Выбрать главу

Было сказано: в пустыне нет красоты— красота в сердце бедуина. В той же мере во вселенской драматургии, в ее взрывах и протуберанцах, в угасании звезд и космическом сжатии нет страха — страх живет только в душе грешного, чувствующего, отверженного и смертного человека. Это он соизмеряет неисчислимые проявления бытия с собственной участью.

Человек — песчинка Вселенной. Его окружают грозные природные стихии. Небо осыпает людей кометами. Недра Земли извергают огненные лавы. Человек постоянно испытывает на себе предательство земной тверди. Однако источник страха, как можно полагать, вовсе не в игре природных смещений. Он только в помышлении человека о них. Миг прозрения рождает оцепенение.

Истончение живой пленки над планетой угрожает прорывом смертоносных излучений. Ужас не в самом этом природном катаклизме, а в человеческом осознании неотвратимых для него последствий содеянного. В наши дни из рукотворных созданий человека вырывается поток все поражающих частиц. И вот уже страх настигает нас, когда мы видим всеведущие глаза младенца, изуродованного смертоносной стихией, когда боимся сорвать ягоду с куста, поднять упавший плод. Всепостижение кошмара пронизывает все наше существо.

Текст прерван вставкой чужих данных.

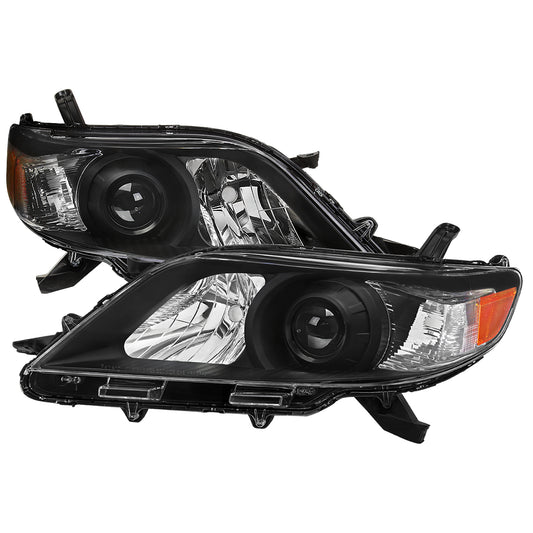 Spec-D 2011-2020 Toyota Sienna Projector Black Headlights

Но ведь и другие земные создания не глухи к смертной душераздирающей тоске. «Есть тонкие властительные связи…» (Валерий Брюсов). Лебедь, потерявший подругу, кидается оземь. Томимые неясным инстинктом киты выбрасываются на берег. Чует смертный час, судя по всему, любая живая особь. Нет ли здесь преувеличения, что человек возведен в ранг уникального существа? Может быть, страх ведом всей живой материи?

Однако человек и в самом деле феномен особого рода. По своим физиологическим функциям люди принадлежат к миру животных, существование которых определяется инстинктами и гармонией с природой. Но вместе с тем человек yжe отделен от животного мира. И эта его «раздвоенность» составляет суть свойственного человеку экзистенциального противоречия.

Человек остается частью природы, он неотторжим от нее. Он понимает, что «заброшен» в мир в случайное место и время, осознает свою беспомощность, ограниченность своего существования. Над ним тяготеет своего рода проклятие: быть свободным от этого противоречия, от собственных мыслей и чувств, сопряженных с ужасом бытия. Человек — единственное животное, для которого само существование является проблемой: он ее должен решить. От нее никуда не уйти. «Не первородный, а предмирный грех мы искупать обречены страданьем» (Александр Чижевский).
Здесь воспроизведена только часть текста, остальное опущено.